We have five samples of points, each consisting of 100 measurements of length (mm).

Question: Are these samples of the same point type? The same population?

Analysis of Variance (ANOVA) is like a t-test but for more than two samples.

The null hypothesis:

\(H_0:\) no difference between groups

The alternate hypothesis:

\(H_1:\) at least one group is different

Variance Decomposition. When group membership is known, the contribution of any value \(x_{ij}\) to the variance can be split into two parts:

\[(x_{ij} - \bar{x}) = (\bar{x}_{j} - \bar{x}) + (x_{ij} - \bar{x}_{j})\]

where

  • \(i\) is the \(i\)th observation,
  • \(j\) is the \(j\)th group,
  • \(\bar{x}\) is the between-group mean, and
  • \(\bar{x_{j}}\) is the within-group mean (of group \(j\)).

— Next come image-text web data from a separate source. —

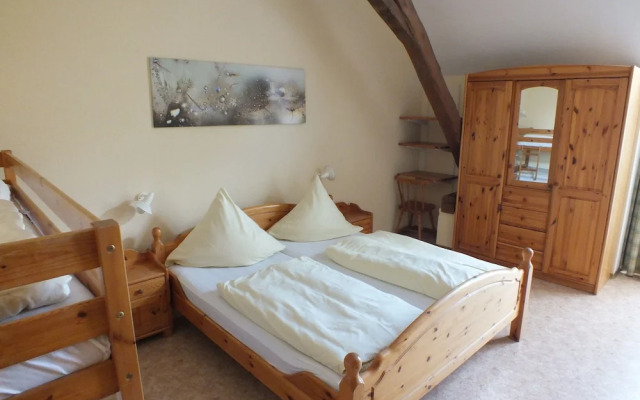 Appartements & Reitschule Fuchsenhof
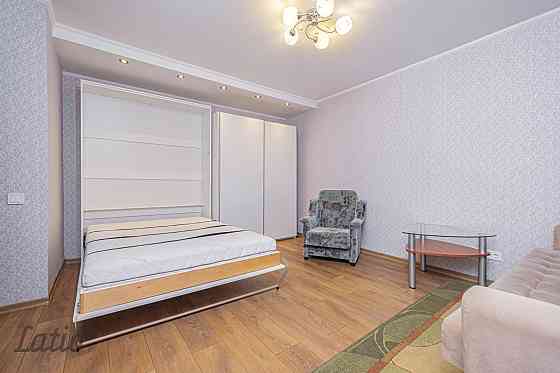 Pārdod 2 istabu dzīvokli Āgenskalnā.
Dzīvoklis ir pieejams ar pilno apdari, kuras veidošanas procesā Rīga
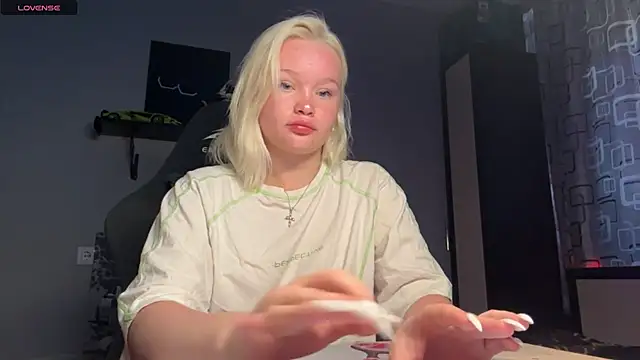 JoleneDorow online show from July 6, 1:56 am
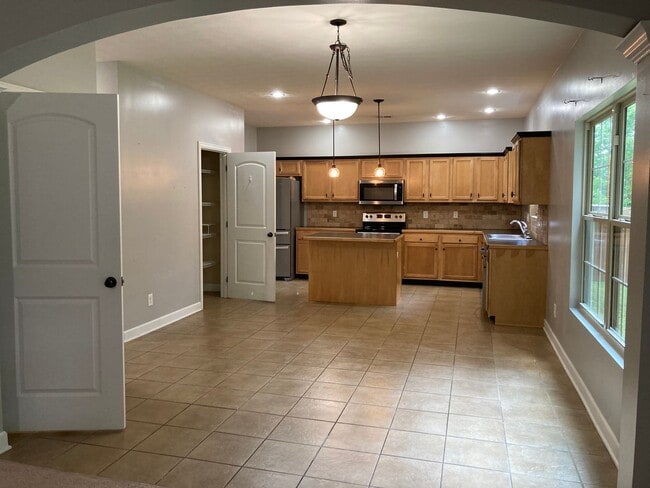 Building Photo - 103 Ashmore Ct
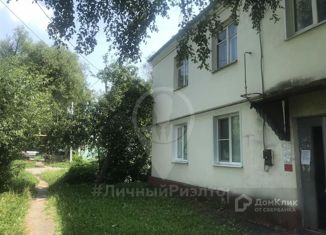 Продам 1-ком. квартиру, 29 м2, поселок городского типа Александро-Невский, Советская улица, 50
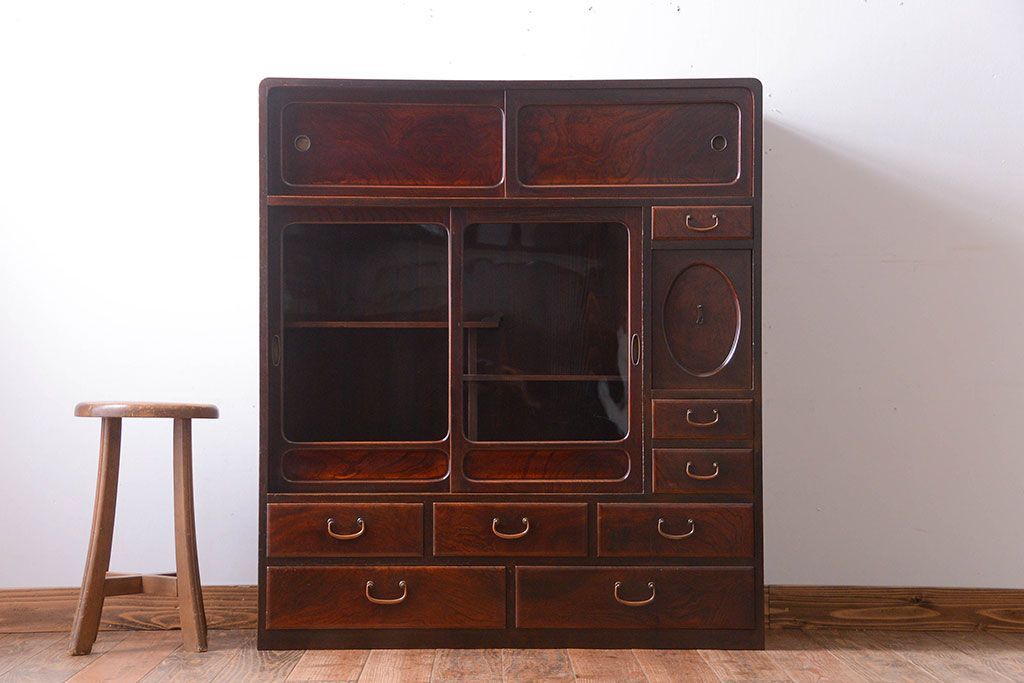 アンティーク家具　古民具・骨董　上質な作りのアンティーク茶箪笥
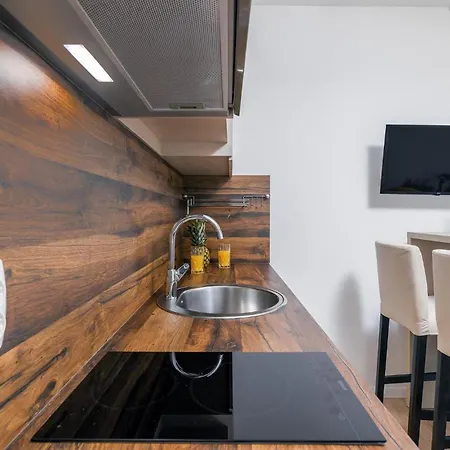 Stunning In With Kitchen Apartment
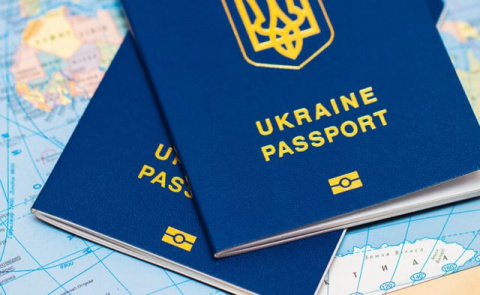 Як продовжити строк дії закордонного паспорта за межами України 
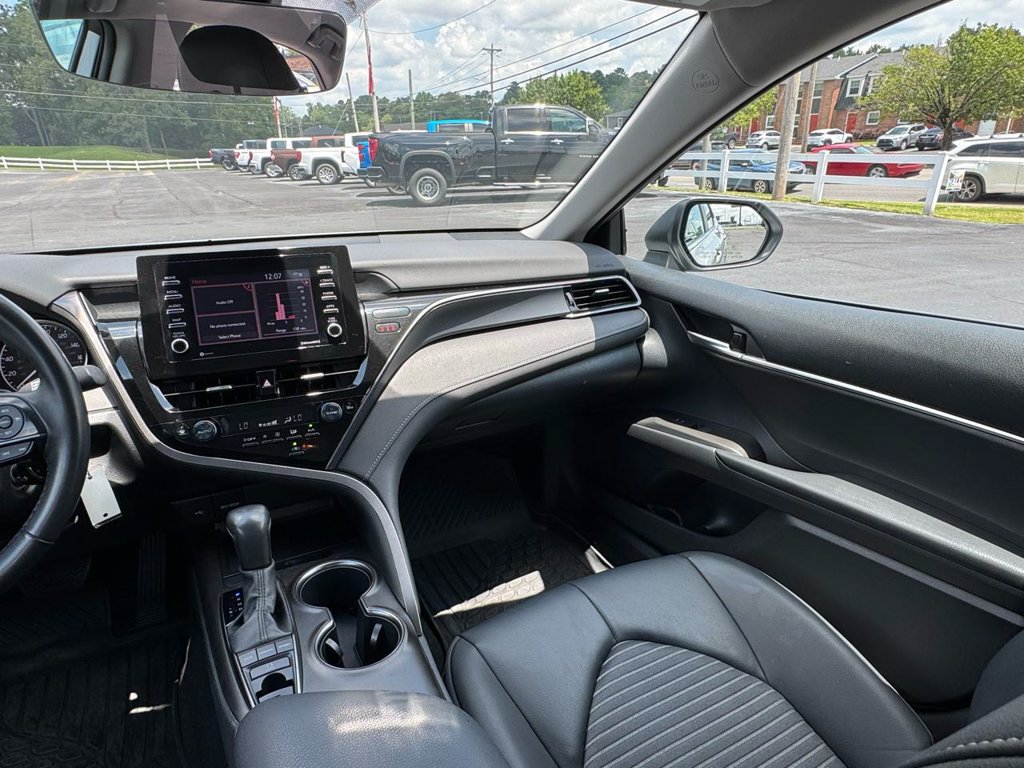 Used 2024 Toyota Camry SE AWD/4WD image 18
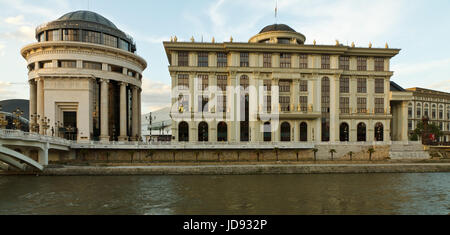 Pont de l'art à Skopje pendant la soirée - Macédoine Banque D'Images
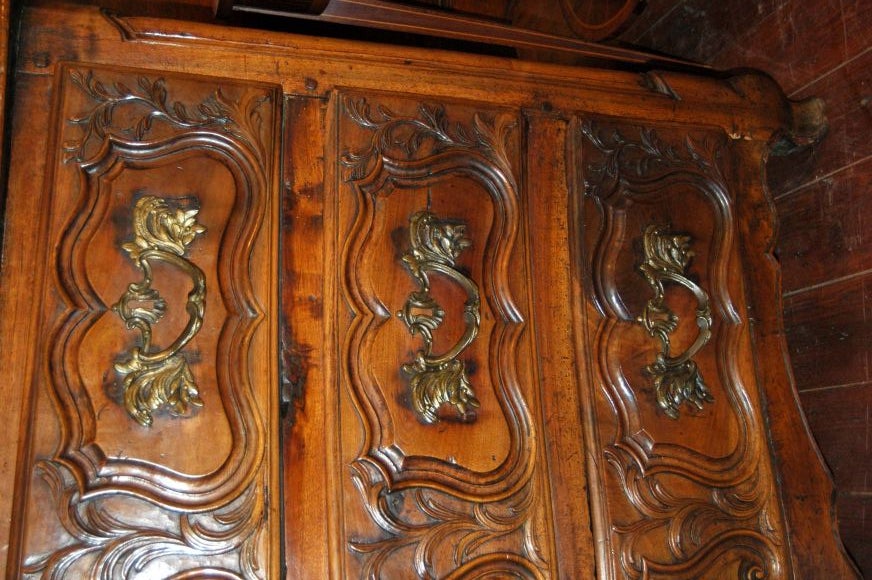 Walnut 18thc. Regence commode For Sale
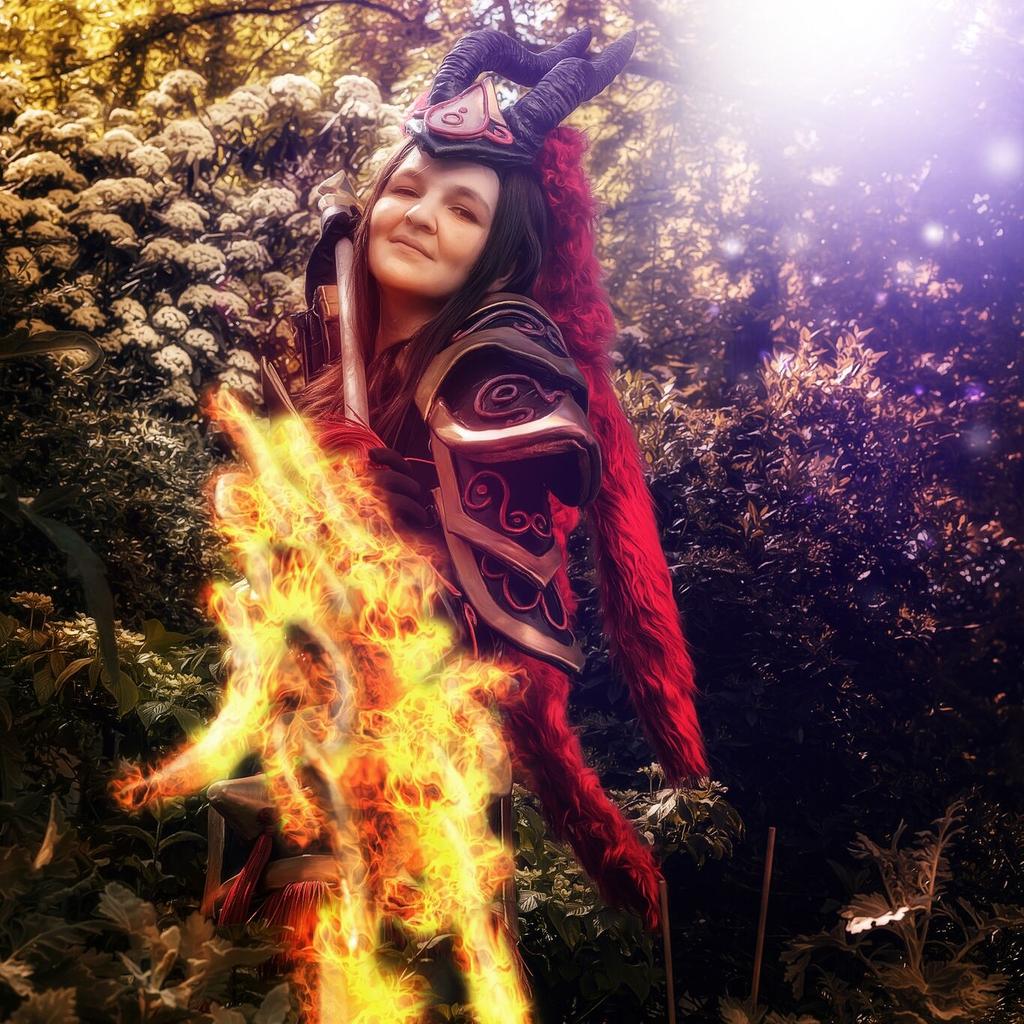 CatCosplay tweet picture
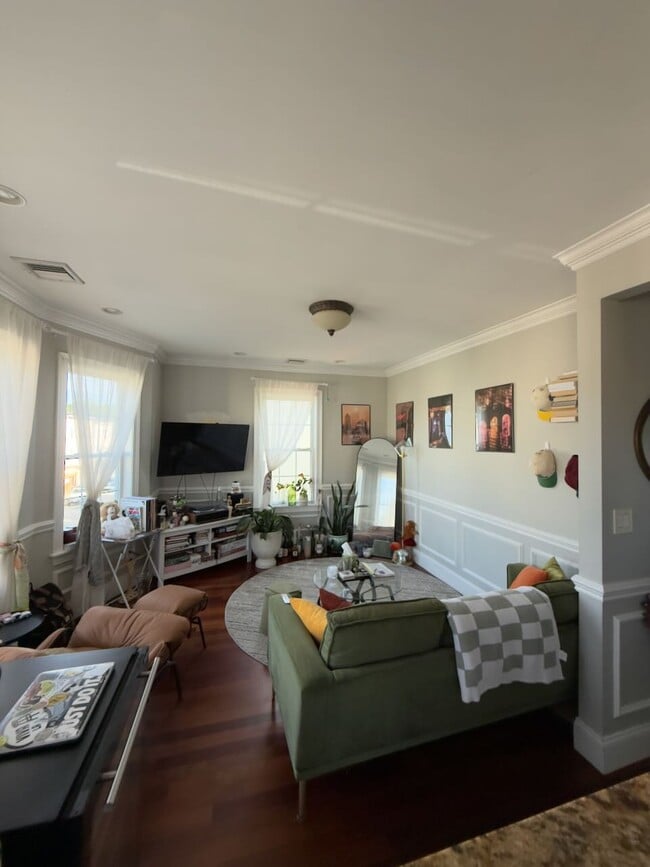 Photo - 613 Dorchester Ave Unit Dot Ave - Apartment 3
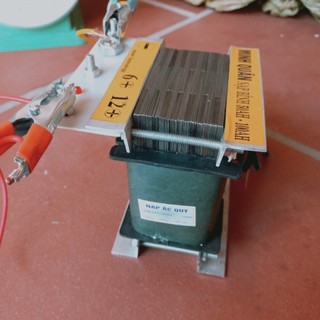 Sạc ắc quy 12v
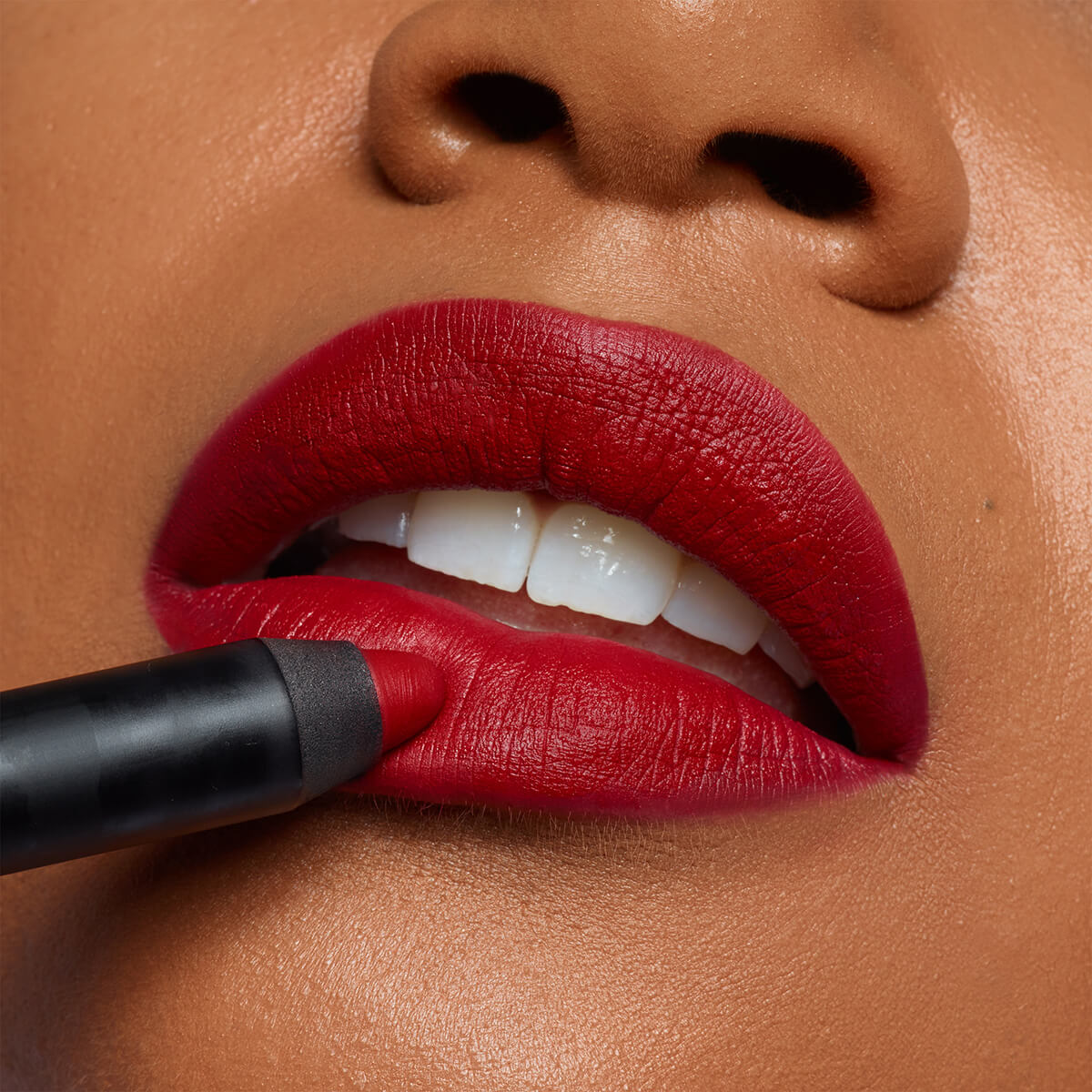 INTENSE MATTE LIP+CHEEK PENCIL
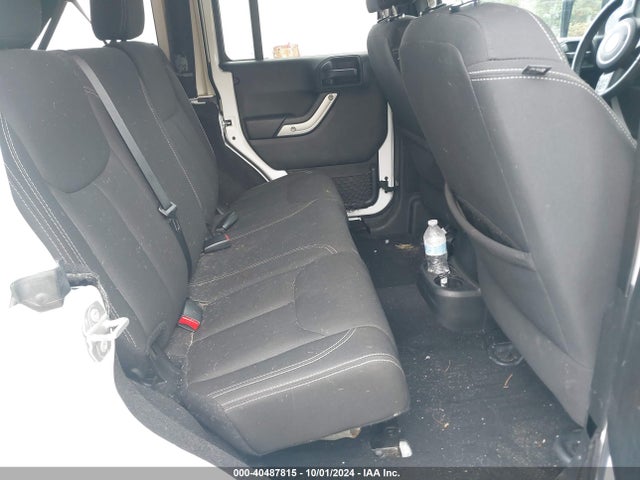 1C4HJWEG1GL320848 Jeep Wrangler Unlimited Sahara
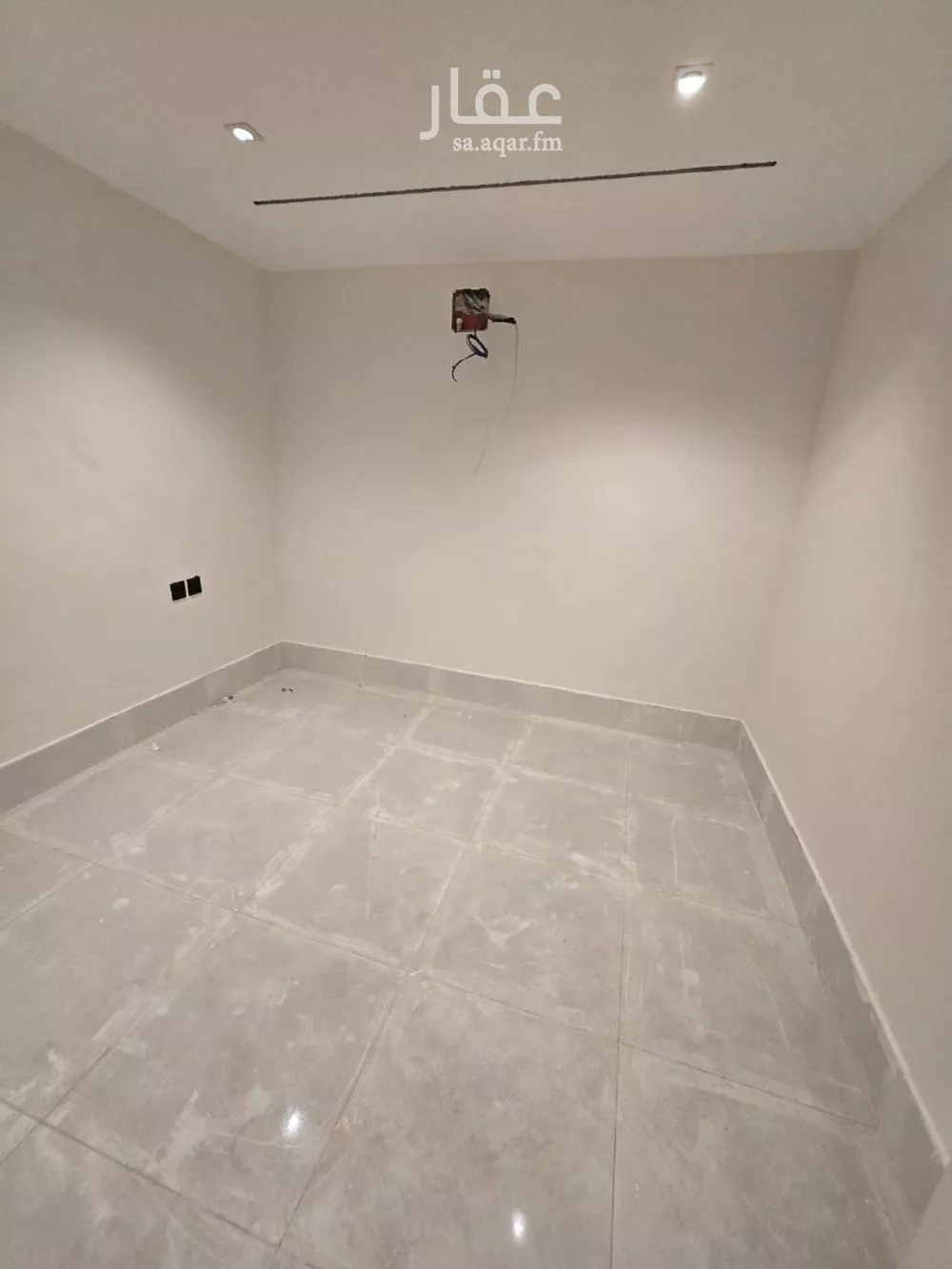 عمارة 650 م² في العقيق 20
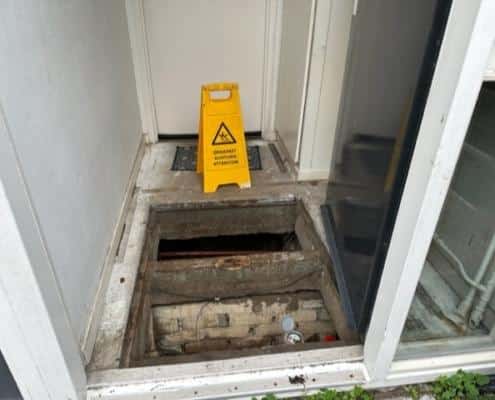 Kruipruimte ventilatie gaat schimmels tegen in Geldrop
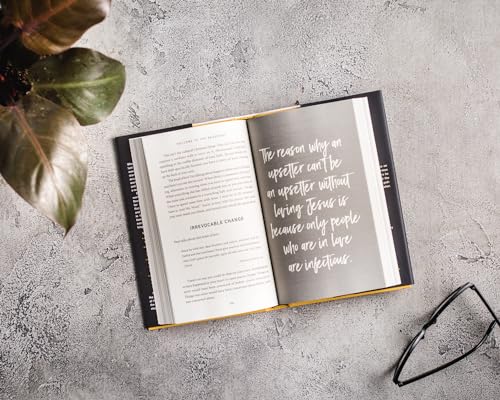 Upside-Down Guide to Greatness for Indoor & Outdoor Décor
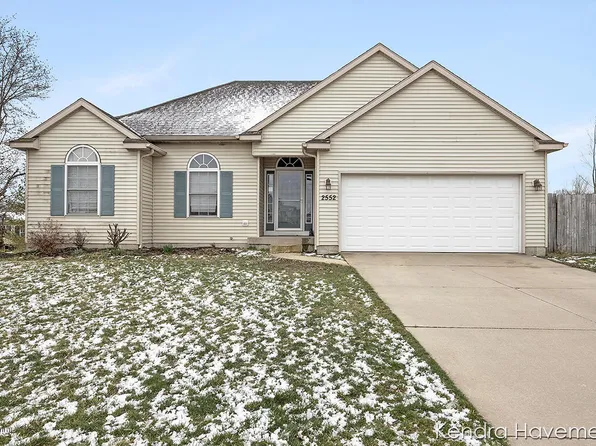 2552 Crystal Meadows St SE, Caledonia, MI 49316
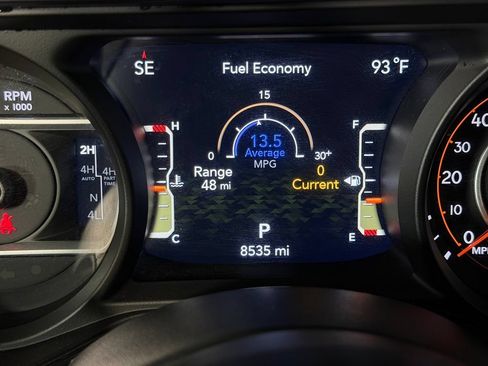 Certified 2025 Jeep Wrangler Unlimited Rubicon AWD/4WD image 15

Sum and square the differences for all \(n\) observation and \(m\) groups gives us:

\[SS_{T} = SS_{B} + SS_{W}\]

where

  • \(SS_{T}\): Total Sum of Squares
  • \(SS_{B}\): Between-group Sum of Squares
  • \(SS_{W}\): Within-group Sum of Squares

Ratio of variances:

\[F = \frac{\text{between-group variance}}{\text{within-group variance}}\]

where

  • Between-group variance = \(SS_{B}/df_{B}\) and \(df_{B}=m-1\).
  • Within-group variance = \(SS_{W}/df_{W}\) and \(df_{W}=m(n-1)\).

Question: Here, \(F=\) 5.63. How probable is this estimate?

We can answer this question by comparing the F-statistic to the F-distribution.


Summary:

  • \(\alpha = 0.05\)
  • \(H_{0}:\) no difference
  • \(p=\) 0.003

Translation: the null hypothesis is really, really unlikely, so there must be some difference between groups!